▶ _REQUIRED ACTION_
Copy each line of the entries that includes the word "para".
--------
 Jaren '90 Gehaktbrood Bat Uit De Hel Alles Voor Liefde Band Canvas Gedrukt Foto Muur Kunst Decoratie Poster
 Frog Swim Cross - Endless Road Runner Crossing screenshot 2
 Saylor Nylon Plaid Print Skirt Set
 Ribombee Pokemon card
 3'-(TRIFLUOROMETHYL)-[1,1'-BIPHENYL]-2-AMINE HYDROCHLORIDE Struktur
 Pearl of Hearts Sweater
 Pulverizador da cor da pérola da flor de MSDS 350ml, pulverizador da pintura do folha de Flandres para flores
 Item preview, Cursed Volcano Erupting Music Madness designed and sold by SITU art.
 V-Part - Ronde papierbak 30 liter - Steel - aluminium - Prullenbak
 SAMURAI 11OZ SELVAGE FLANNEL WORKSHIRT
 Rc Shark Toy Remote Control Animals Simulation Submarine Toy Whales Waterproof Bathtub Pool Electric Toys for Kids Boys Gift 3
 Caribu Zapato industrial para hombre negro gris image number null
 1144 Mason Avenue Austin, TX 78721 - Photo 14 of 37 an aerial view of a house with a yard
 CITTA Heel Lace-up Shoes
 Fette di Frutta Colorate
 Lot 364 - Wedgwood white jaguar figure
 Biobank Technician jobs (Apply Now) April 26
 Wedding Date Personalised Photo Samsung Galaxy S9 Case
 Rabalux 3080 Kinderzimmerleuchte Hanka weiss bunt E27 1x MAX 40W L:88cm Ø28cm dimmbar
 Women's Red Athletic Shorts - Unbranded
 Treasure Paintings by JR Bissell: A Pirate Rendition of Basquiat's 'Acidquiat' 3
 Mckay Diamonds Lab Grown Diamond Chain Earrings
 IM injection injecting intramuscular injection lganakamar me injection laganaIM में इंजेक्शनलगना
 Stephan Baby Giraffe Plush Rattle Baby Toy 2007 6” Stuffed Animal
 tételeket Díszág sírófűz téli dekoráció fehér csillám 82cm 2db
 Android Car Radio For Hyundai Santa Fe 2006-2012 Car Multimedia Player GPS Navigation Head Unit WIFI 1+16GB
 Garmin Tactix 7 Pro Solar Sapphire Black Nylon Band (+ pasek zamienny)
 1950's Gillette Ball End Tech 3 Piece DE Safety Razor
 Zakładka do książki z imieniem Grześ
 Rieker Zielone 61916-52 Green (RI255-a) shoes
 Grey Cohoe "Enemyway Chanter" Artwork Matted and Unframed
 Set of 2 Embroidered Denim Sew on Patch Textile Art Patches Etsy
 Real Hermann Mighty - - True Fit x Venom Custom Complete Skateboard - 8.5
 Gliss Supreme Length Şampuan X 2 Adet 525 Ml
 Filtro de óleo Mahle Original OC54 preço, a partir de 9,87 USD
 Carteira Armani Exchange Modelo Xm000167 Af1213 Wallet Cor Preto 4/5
--------
▶ _ANSWER SECTION_
 Pulverizador da cor da pérola da flor de MSDS 350ml, pulverizador da pintura do folha de Flandres para flores
 Caribu Zapato industrial para hombre negro gris image number null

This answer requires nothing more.